#### [Work item]
Copy the data verbatim and leave out every picture.

*** Input data

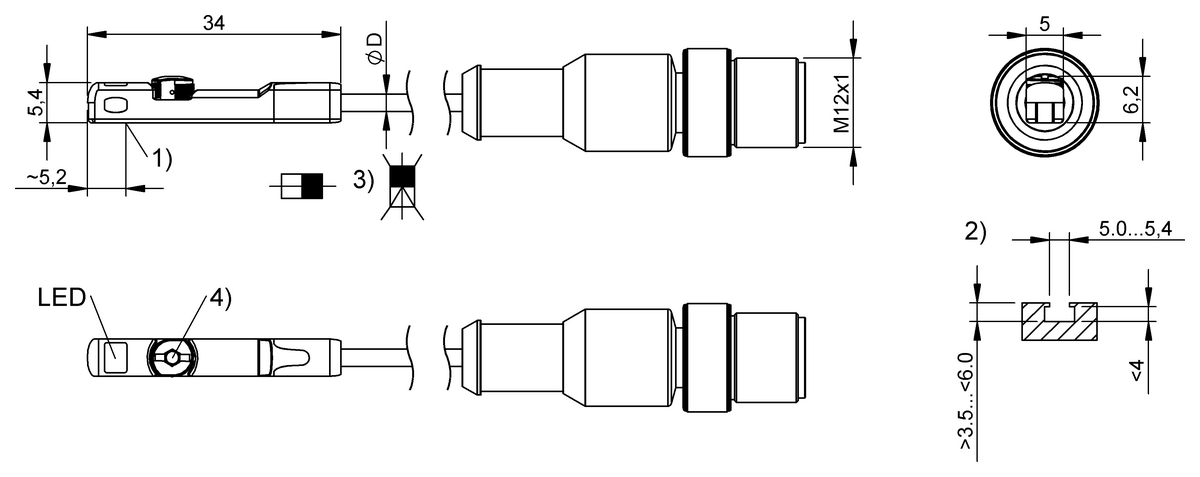 BMF00NM - BMF 415KW-HAPS-W-5-P0-S4-00,3 (Farklı kanal şekilleri için silindir anahtarları) - Görsel 2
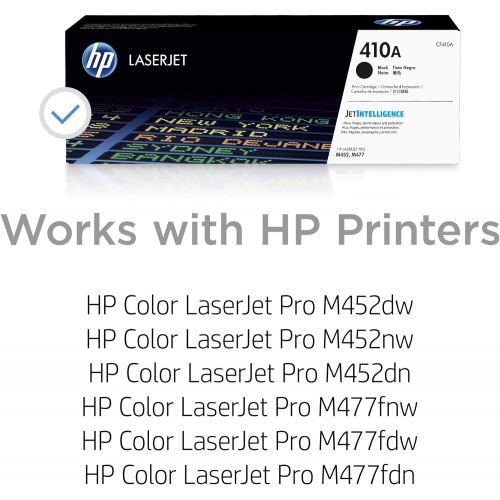 에이치피 [아마존베스트]HP 410A (CF410A) Toner Cartridge, Black for HP Color LaserJet Pro M452dn M452dw M452nw MFP M377dw MFP M477fdn MFP M477fdw MFP M477fnw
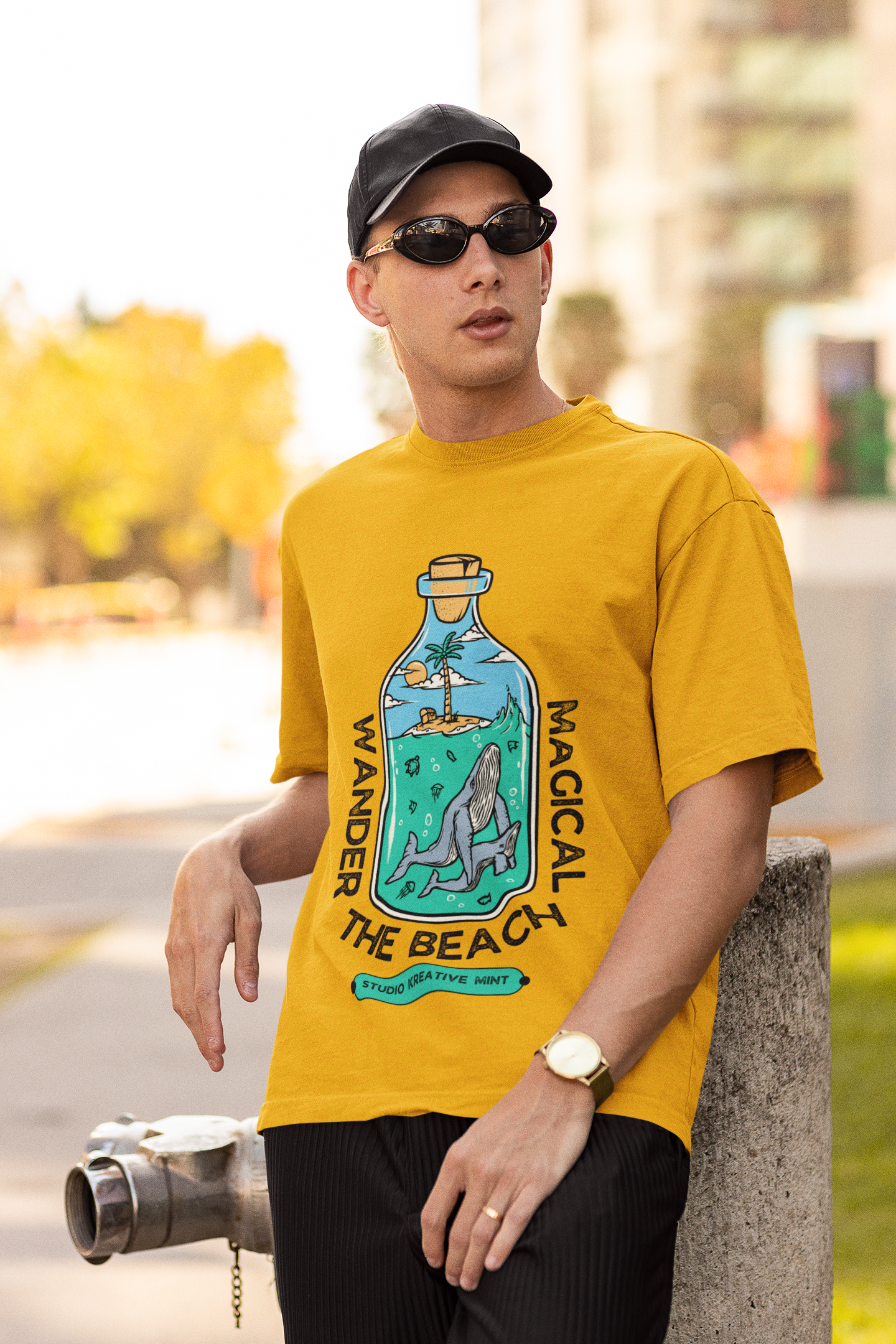 MAGICAL classic oversized UNISEX premium pure cotton T-shirt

******

#### [Answer to this problem]
 BMF00NM - BMF 415KW-HAPS-W-5-P0-S4-00,3 (Farklı kanal şekilleri için silindir anahtarları) - Görsel 2
 에이치피 [아마존베스트]HP 410A (CF410A) Toner Cartridge, Black for HP Color LaserJet Pro M452dn M452dw M452nw MFP M377dw MFP M477fdn MFP M477fdw MFP M477fnw
 MAGICAL classic oversized UNISEX premium pure cotton T-shirt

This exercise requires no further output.